The Bible also has information on rearing a child. Proverbs 22:6 (NIV) tells us to ‘train a child’. Train again is part of the root meaning of discipline not punishment. Training a child is a process and includes many aspects from discussion, motivation, healthy touch, and love as well as a type of discipline. Ephesians 6:4 (NIV) ‘Fathers, do not exasperate your children; instead, bring them up in the training and instruction of the Lord.’ Note here there are two emphases: not to bring a child to exasperate (anger or rage) as well as training and instruction. All of these go hand in hand. Again note the word train.

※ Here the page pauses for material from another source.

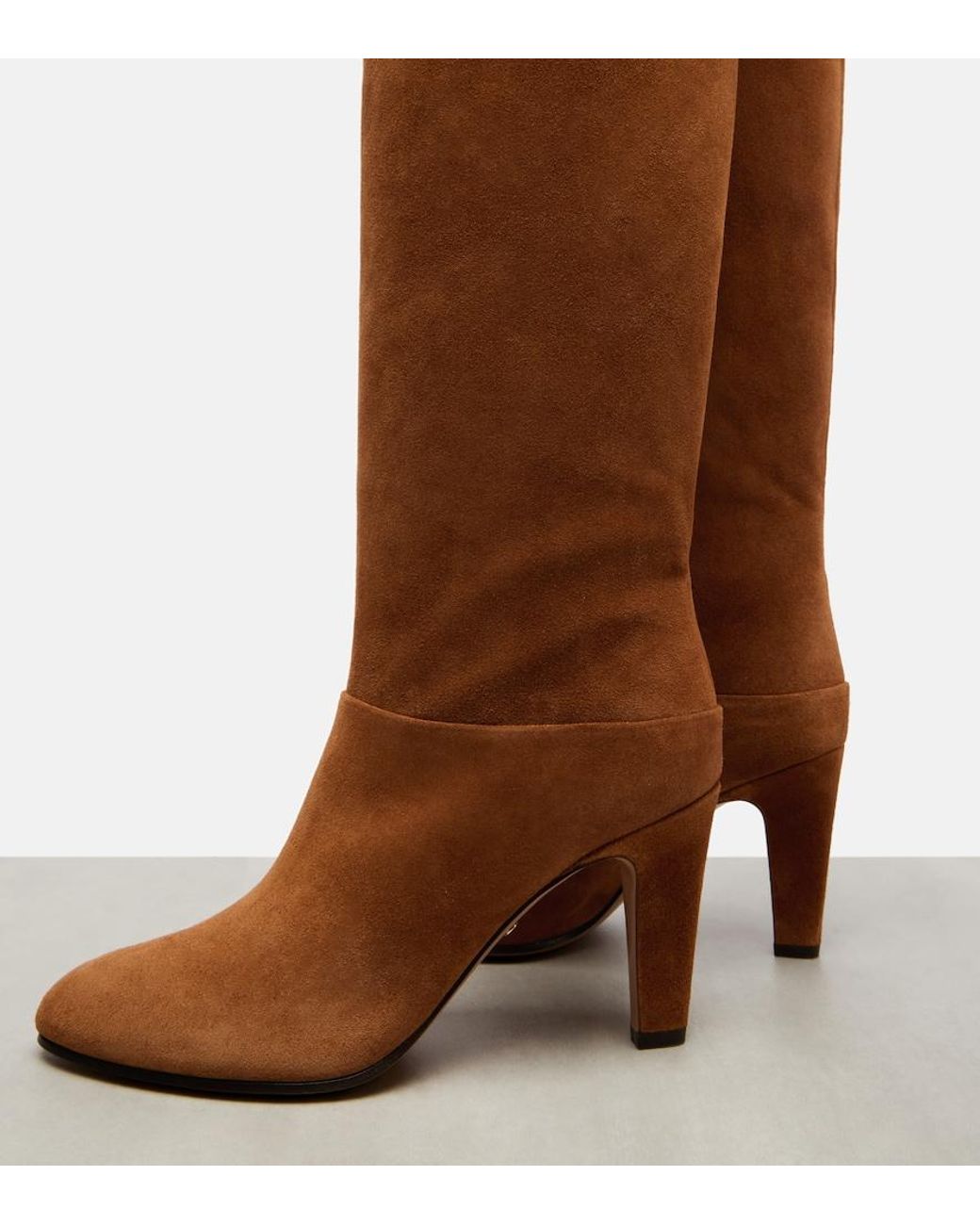 Chloé Brown Eve 85 Suede Over-The-Knee Boots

Some have noted the biblical reference of Proverbs 22:15 (KJV) ‘Foolishness is bound in the heart of a child; but the rod of correction shall drive it far from him.’ or Proverbs 29:15 (KJV) ‘the rod and reproof give wisdom: but a child left to himself bringeth his mother to shame.’ There are two things we need to note here. First the book of Proverbs are what they say… proverbs or wise statements collected by the author, mostly likely Solomon. Proverbs are not promises and thus need to be understood as such. Secondly to correctly translate a verse, hermeneutics is needed. These verses also are not clear on the amount of ‘rod of correction’ nor ‘rod and reproof’. If you put all the verses together as listed above (Prov. 22:6, 22:15, 29:15 and Eph. 6:4), this paints a bigger picture. Focusing on one part of the whole would be like expecting a car to work properly with only putting gas in it when the fuel is just one small part of the entire process of maintenance. Eventually the care will fall apart due to a focus on just one small part of a large process with the result of a car of no value. With children, if you use only one process of discipline whether it is only punishment, only love, only education and so forth; the child will end up unbalanced.

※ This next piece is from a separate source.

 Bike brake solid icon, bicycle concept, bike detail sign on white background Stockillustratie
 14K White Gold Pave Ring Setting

Baumrinf, D. (1996). The discipline controversy revisited. Family Relations, 45, 405-414
Buri, J.R., Louiselle, P.A., Misukanis, T.M., & Mueller, R.A. (1988). Effects of parental authoritarianism and authoritativeness on self esteem. Personality and Social Psychology Bulletin, 14,271-282.
Coopersmith, S. (1967). The antecedents of self-esteem. San Francisco: Freedman.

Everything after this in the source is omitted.